3-10 Torus Configuration and Maintenance Concept of Compact Fusion DEMO Reactor

- Torus Configuration for High Operation Rate -

Fig.3-22 Concept of torus configuration and maintenance for fusion DEMO reactor

Fig.3-22 Concept of torus configuration and maintenance for fusion DEMO reactor

 

Fig.3-23 Sector transport for maintenance

Fig.3-23 Sector transport for maintenance

A cask containing a sector moves on rails placed on the floor and turn-tables.

Fig.3-24 Structure of sector and saddle shaped shell

Fig.3-24 Structure of sector and saddle shaped shell

Eddy current on the shell assembly stabilizes the burning plasma.

A conceptual study of compact fusion DEMO reactor design resulted in a torus configuration and maintenance scheme which shortens the time required for periodic replacement of core components such as blanket and divertor. Such shortening of maintenance time can lead to an improvement of plant operation rate, and thus to a reduction of the cost of electricity.

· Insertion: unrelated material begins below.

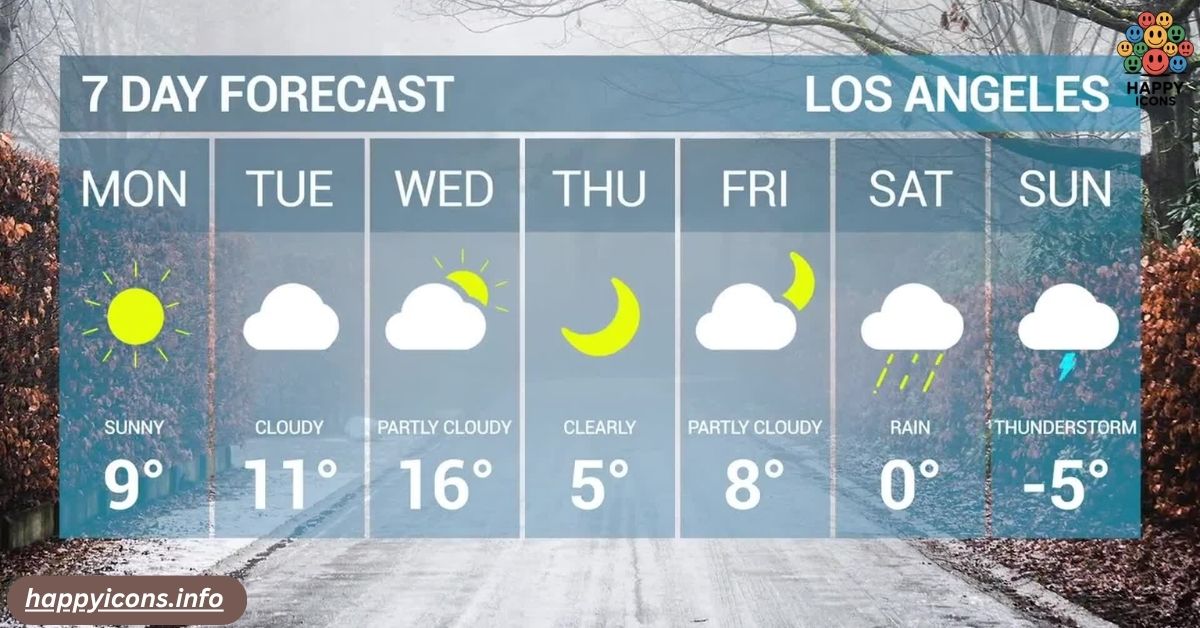 Metaphors for Weather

To quicken maintenance, we adopted a "sector maintenance scheme" in which the core components are divided into twelve toroidal sectors and each sector is en bloc removed and transported to a neighboring hot cell for maintenance and replacement of blanket modules (Fig.3-22). Each sector loads about sixty replaceable blanket modules that must be replaced every two or three years. In the replacement, six steel tubes connected to each blanket module (four for cooling and two for tritium fuel recovery) must be cut, re-welded and tested by remote control. When these replacement procedures are carried out in situ in the cryostat, the replacement time is expected to exceed half a year, unacceptable from the point of view of operation rate. With sector maintenance, the required time will be reduced to about three months because, by replacing used sectors with spare sectors, time-consuming procedures (pipe cutting re-welding and testing) can be carried out in the hot cell during tokamak operation. On the other hand, this maintenance scheme raises concern about transport of heavy sectors. This issue is resolved with the use of a wheel and bearing system and turn-tables (Fig.3-23). A saddle shaped conducting shell placed in between replaceable and permanent blankets is one of the key components of DEMO. The assembly of the shells also plays the role of passively stabilizing the plasma by inducing eddy currents, as shown in Fig.3-24.


Reference
Tobita, K. et al., SlimCS?| Compact Low Aspect Ratio DEMO Reactor with Reduced-Size Central Solenoid, Nuclear Fusion, vol.47, no.8, 2007, p.892-899.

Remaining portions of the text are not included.